LISTSERV - DAILY-ASTRONOMER Archives

[image: 8044.jpg]
*Fare thee well, Arecibo...wherever you are*

THE SOUTHWORTH PLANETARIUM
207-780-4249 www.usm.maine.edu/planet
<http://www.google.com/url?q=http%3A%2F%2Fwww.usm.maine.edu%2Fplanet&sa=D&sntz=1&usg=AFQjCNHulkHuLP13bOG2PkNrPazsGWFs2A>
70 Falmouth Street Portland, Maine 04103
43.6667° N 70.2667° W
Altitude: 10 feet below sea level
Founded January 1970
Julian Date: 2459185.16
2020-2021: LI

Well, Heavens!
Due to memory limitations, we will apparently have to divide the December
2020 Night Sky Calendar into three sections! We will post part three
tomorrow.

THE DAILY ASTRONOMER
Tuesday, December 1, 2020
December 2020 Night Sky Calendar Part II

We'll begin part II of the December 2020 Night Sky Calendar with something
that we should have included in Part I.

*WEDNESDAY, DECEMBER 9: DATE OF EARLIEST SUNSET*
Although the duration of daylight is shortest on and around the winter
(December) solstice, the dates of earliest sunset do not correspond
precisely with the solstice. In fact, these dates vary with latitude.
As we can see in the graphic below, the date increases with increasing
distance from the Equator. (Note: the daylight duration on the equator is
12 hours every day of the year.) While the earliest sunset in Miami
occurs on November 30th, the earliest sunset in Southern Maine occurs on
December 9th. The sunset time on 12/9 in Portland is 4:04 p.m. The
sunset time remains the same for the next few days until December 14th,
when the sun sets at 4:05 p.m. During the intervening dates, the sun set
time increases by a matter of less than 10 seconds each day.

[image: earliest-sunset-stephen-aman.jpg]

One might wonder: if the shortest "day" is on the winter solstice, how can
the earliest sunrise occur earlier? It's simple. The sunrise times
will continue to increase until early January. On January 2nd, the sun
rises at 7:15 a.m. in Portland. For the next few days, the sun rises at
7:15 a.m. On January 6th, the Sun will rise at 7:14 a.m.

For mid-latitude Northern Hemisphere observers, the sequence is as follows:

- *Earliest sunset*: early/mid December
- *Shortest day:* winter (December) solstice
- *Latest sunrise*: early January

For mid-latitude Southern Hemisphere observers, the sequence is:

- *Earliest sunrise:* early/mid December
- *Longest day:* summer (December) solstice
- *Latest sunset: * early/mid January

The latest sunrise, earliest sunset and winter solstice would occur on the
same day if Earth's orbit were perfectly circular and if the planet were
not "tilted" relative to the plane of that orbit. However, because
Earth's orbit is elliptical, its distance from the Sun and, consequently,
its orbital velocity, is never constant.

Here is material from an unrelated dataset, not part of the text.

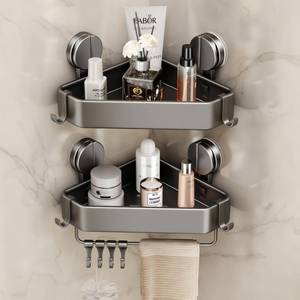 lot 8751 image: Mustorn Suction Cup Shower Caddy Corner, 2 Pack Suction Corner Shower Shelves No Drilling, Rustproof Shower Organizer Suction Cup with Towel Holder & Hooks Removable Bathroom Storage Rack(Gray)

When Earth is closest to the
Sun (Northern Hemisphere winter), it appears to move more quickly along the
sky than it does when further away (Northern Hemisphere Summer). Also,
the tilted axis draws the Sun along different arcs throughout the year, so
its pathway will vary.

If you're eager for longer days, take solace on December 9th. After that
date, the Sun will start setting progressively later each day.

*MONDAY, DECEMBER 14: TOTAL SOLAR ECLIPSE*
(Northern Hemisphere observers will not see this event.)

[image: SE2020Dec14T.png]
Total solar eclipses are such spectacular events that they should never be
omitted from any night sky calendar. As we can see from the map above,
this event will not be visible to us Northern Hemisphere observers. Only
those observers within the thin blue pathway will watch the moon completely
cover the Sun. That line extends from the Pacific into the Atlantic Ocean
and slices across Chile and Argentina. Observers outside this path, but
within the partial visibility region will see a partial solar eclipse. The
closer the observer is to the totality path, the greater the eclipse
magnitude will be. For instance, an observer standing along the line
marked 0.80 would see 80% of the Sun's diameter covered by the moon. An
observer at 0.60 would see the moon blocking 60% of the Sun's diameter.

Total solar eclipses occur when the moon moves directly between the Sun and
Earth. Eclipses don't happen every month because the moon will either
be north of south of the ecliptic plane (Earth's orbital plane) when in
conjunction, or new moon. Only when the moon is aligned with this orbit
during new moon will a solar eclipse occur.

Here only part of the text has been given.